Some aces are sex-favorable/can enjoy having sex, while others are sex-indifferent or sex-repulsed, so I would characterize asexuality as a question of whether one experiences sexual attraction, rather than if someone is interested in sex and sex-adjacent topics. That said, it’s fine if you explain your sexual orientation to other people by talking about how you don’t experience sexual attraction and aren’t interested in sex, because then you’re talking about your personal experiences, not the experiences of the entire community.
Hope that helps, as always feel free to ask for clarification/any follow up questions.
I'm biromantic, asexual, though still heavily questioning I'm pretty certain, and I've been having a bit of a dilemma as of late, I feel like I'm not valid, I have no interest in being in a relationship sexually at least, but I still read smut, what do you think?

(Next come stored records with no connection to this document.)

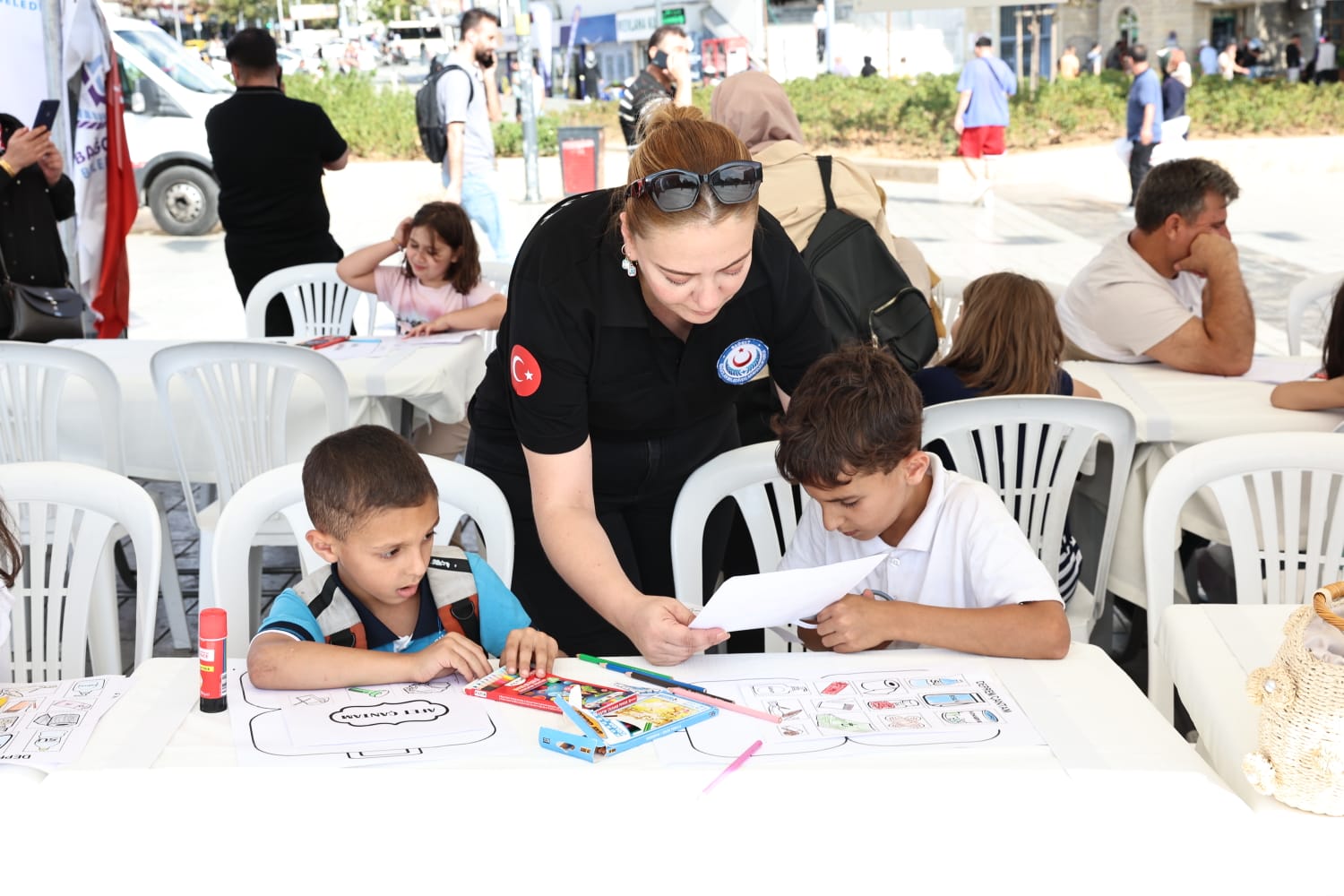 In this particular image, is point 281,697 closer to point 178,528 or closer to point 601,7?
point 178,528

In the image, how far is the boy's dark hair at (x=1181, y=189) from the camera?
367cm

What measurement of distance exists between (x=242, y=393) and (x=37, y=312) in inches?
63.4

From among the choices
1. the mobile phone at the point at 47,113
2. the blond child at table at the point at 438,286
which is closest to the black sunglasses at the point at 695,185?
the blond child at table at the point at 438,286

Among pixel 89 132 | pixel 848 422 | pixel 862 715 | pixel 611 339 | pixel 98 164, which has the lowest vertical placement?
pixel 862 715

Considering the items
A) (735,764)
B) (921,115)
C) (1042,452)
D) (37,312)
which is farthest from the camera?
(921,115)

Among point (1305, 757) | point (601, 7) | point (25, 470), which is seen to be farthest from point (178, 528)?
point (601, 7)

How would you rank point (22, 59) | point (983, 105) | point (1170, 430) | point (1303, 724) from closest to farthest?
point (1303, 724) < point (1170, 430) < point (22, 59) < point (983, 105)

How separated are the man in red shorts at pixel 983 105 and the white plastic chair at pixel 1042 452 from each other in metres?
10.4

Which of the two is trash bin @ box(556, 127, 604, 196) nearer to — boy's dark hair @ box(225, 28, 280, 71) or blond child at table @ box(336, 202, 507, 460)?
boy's dark hair @ box(225, 28, 280, 71)

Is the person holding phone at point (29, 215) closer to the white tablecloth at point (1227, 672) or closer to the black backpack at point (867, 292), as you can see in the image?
the black backpack at point (867, 292)

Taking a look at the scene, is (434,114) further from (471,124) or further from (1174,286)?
(1174,286)

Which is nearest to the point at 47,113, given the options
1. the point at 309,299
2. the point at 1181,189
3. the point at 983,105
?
the point at 309,299

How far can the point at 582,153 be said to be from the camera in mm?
12469

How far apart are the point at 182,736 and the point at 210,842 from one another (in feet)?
0.97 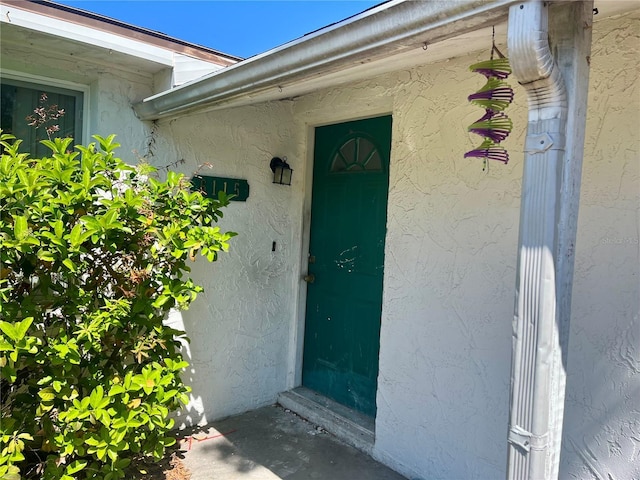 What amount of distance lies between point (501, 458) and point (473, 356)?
699 millimetres

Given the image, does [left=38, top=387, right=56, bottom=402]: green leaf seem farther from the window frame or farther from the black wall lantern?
the black wall lantern

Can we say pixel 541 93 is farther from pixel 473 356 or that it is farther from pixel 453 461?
pixel 453 461

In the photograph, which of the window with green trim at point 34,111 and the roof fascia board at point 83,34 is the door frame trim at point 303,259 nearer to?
the roof fascia board at point 83,34

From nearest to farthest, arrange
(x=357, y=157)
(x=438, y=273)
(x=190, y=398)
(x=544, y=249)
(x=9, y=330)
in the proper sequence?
(x=544, y=249), (x=9, y=330), (x=438, y=273), (x=190, y=398), (x=357, y=157)

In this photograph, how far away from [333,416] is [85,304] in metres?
2.65

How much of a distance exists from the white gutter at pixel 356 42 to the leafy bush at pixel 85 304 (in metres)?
0.87

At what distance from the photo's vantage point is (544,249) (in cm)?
153

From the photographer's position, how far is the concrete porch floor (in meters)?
3.54

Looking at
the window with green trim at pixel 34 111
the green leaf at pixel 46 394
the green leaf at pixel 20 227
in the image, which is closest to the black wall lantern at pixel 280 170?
the window with green trim at pixel 34 111

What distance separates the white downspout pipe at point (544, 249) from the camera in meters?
1.51

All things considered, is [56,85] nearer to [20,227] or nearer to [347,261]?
[20,227]

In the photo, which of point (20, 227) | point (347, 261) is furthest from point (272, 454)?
point (20, 227)

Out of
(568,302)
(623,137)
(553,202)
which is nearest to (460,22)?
(553,202)

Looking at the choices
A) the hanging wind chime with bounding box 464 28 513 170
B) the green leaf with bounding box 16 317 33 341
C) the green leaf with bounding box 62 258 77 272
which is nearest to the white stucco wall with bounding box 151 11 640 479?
the hanging wind chime with bounding box 464 28 513 170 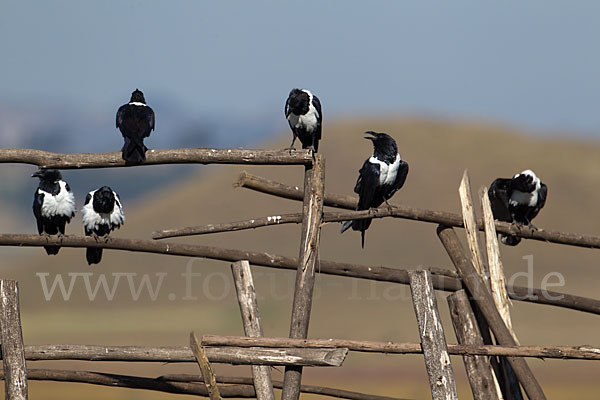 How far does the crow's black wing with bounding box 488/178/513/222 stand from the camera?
410 inches

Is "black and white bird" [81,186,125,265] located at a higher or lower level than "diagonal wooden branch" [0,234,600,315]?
higher

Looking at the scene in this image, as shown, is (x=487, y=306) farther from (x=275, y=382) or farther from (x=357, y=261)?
(x=357, y=261)

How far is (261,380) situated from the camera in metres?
7.14

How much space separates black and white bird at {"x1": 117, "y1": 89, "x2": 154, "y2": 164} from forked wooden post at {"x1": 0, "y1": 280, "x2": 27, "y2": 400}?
1217 mm

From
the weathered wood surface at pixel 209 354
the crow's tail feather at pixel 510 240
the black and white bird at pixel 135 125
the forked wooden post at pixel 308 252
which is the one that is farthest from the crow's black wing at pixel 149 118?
the crow's tail feather at pixel 510 240

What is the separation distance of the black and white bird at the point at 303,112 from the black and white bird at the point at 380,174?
2.97 ft

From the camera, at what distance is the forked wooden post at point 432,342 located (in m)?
6.37

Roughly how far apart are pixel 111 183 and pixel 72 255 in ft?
281

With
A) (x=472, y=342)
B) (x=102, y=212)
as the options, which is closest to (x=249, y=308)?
(x=472, y=342)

I think you’re totally valid! One important thing to remember is that action =/= attraction. Whether or not you’re interested in a sexual relationship and/or read smut doesn’t necessarily affect your sexuality (although information like that can help inform you when you’re figuring this stuff out); so if you were interested in a sexual relationship and read smut, but didn’t experience sexual attraction, you could still be asexual.
It’s also possible, if you’re sex-averse or sex-repulsed, that a sexual relationship with another physical person would make you uncomfortable, but since smut just happens all in your head, it doesn’t make you uncomfortable. If that’s the case, you’re valid, and if not, you’re still valid.
I hope that helps, you can pm me or send me more asks if you have more questions/want to chat further.
I'm a 16 year old girl and i label myself as bisexual heteroromantic since i don't really see myself dating a girl and stuff but lately i have been thinking about dating girls and all that stuff. I'm really confused though because i see myself dating one but then the feeling goes away.
Well, there’s a term that people in the asexual spectrum sometimes use to describe attraction that disappears or that they don’t want reciprocated: Lithromantic. So that might be something worth looking into for you.
You could also just change your orientation to biromantic bisexual. If you feel the attraction it can be a part of your orientation, even if you don’t want to act on it.
Or you could keep the orientation you have, and then if anyone asks explain that you’re confused or still kind of questioning.